Management of Complications and Special Issues
- Wearing-off effects are managed by dose or frequency adjustments and medication diaries.
- Parkinson's-associated psychosis may be treated with pimavanserin, an atypical antipsychotic with specific safety considerations.
Key Terms & Definitions
- Dopamine — Neurotransmitter involved in movement control; deficient in Parkinson’s.
- Acetylcholine — Neurotransmitter involved in muscle activation; relatively increased in Parkinson’s.
- Bradykinesia — Slowness of movement.
- Cogwheel Rigidity — Ratchety resistance during passive limb movement.
- Resting Tremor — Tremor occurring when muscles are not voluntarily activated.

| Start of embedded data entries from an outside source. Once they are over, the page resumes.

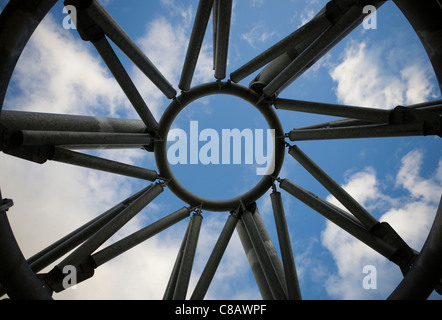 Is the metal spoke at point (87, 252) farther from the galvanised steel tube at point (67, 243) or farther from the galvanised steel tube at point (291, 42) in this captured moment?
the galvanised steel tube at point (291, 42)

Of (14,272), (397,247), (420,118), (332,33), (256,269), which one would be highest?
(332,33)

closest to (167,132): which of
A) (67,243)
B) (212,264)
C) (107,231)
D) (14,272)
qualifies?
(107,231)

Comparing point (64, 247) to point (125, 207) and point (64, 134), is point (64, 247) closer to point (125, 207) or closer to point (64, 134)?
point (125, 207)

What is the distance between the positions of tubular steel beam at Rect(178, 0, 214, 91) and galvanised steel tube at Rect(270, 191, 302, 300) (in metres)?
7.22

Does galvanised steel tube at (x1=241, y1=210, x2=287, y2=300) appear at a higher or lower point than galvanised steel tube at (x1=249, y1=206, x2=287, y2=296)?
lower

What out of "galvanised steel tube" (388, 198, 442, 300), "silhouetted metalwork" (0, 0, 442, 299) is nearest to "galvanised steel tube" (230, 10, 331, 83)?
"silhouetted metalwork" (0, 0, 442, 299)

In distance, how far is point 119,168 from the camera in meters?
18.1

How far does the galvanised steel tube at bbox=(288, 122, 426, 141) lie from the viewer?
A: 14.6m

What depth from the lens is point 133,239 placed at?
17516mm

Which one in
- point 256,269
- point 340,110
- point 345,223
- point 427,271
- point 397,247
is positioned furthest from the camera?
point 256,269

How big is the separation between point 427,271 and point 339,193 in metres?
5.99

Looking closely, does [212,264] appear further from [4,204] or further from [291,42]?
[291,42]

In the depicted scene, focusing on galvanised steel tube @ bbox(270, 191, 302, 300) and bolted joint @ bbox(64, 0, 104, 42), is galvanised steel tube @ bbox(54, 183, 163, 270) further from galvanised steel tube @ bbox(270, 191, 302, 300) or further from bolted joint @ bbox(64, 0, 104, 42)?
bolted joint @ bbox(64, 0, 104, 42) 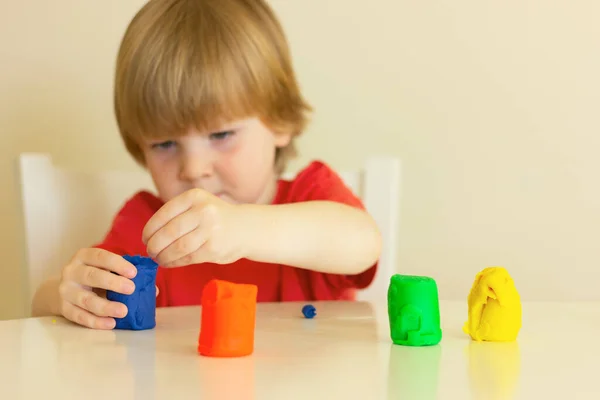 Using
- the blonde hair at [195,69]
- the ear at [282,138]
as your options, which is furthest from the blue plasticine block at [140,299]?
the ear at [282,138]

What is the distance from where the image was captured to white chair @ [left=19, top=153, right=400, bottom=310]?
1173mm

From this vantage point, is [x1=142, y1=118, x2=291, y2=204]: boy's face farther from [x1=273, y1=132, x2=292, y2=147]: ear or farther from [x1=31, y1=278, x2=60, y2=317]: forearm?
[x1=31, y1=278, x2=60, y2=317]: forearm

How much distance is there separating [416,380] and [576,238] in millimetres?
1165

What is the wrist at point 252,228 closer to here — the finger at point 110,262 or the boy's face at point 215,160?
the finger at point 110,262

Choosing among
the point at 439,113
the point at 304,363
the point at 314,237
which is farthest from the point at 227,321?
the point at 439,113

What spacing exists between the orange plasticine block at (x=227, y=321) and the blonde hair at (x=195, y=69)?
0.46 metres

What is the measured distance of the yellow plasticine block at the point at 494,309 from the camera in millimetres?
641

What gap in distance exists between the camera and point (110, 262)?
2.39ft

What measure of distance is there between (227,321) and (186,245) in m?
0.14

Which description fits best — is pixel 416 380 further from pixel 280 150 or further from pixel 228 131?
pixel 280 150

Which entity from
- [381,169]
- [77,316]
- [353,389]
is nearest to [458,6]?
[381,169]

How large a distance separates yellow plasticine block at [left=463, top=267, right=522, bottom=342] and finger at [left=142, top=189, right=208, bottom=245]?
10.7 inches

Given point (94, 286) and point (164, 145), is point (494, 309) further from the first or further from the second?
point (164, 145)

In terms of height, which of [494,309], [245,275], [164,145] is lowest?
[245,275]
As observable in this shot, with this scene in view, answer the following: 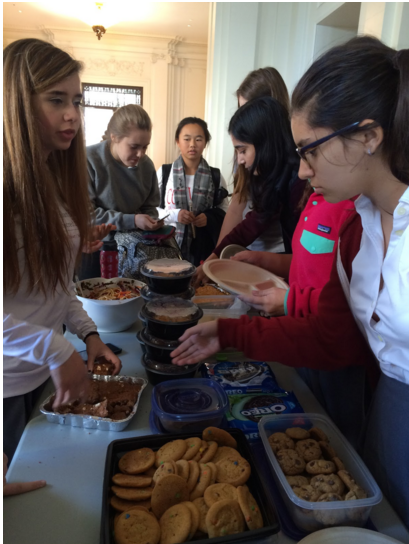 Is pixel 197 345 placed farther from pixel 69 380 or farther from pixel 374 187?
pixel 374 187

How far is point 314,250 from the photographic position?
50.9 inches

- Levodopa/Carbidopa — Primary treatment; precursor and enzyme inhibitor to increase CNS dopamine.
- COMT Inhibitors — Drugs that prevent breakdown of dopamine.
- MAO-B Inhibitors — Drugs that block dopamine degradation.
- Dyskinesias — Involuntary, erratic movements, often from long-term levodopa use.
Action Items / Next Steps
- Review pharmacological classes, mechanisms, and side effects of Parkinson’s drugs.
- Study the balance of neurotransmitters in motor control and their clinical consequences.
- Prepare for questions on medication interactions, side effects, and mechanisms of agents.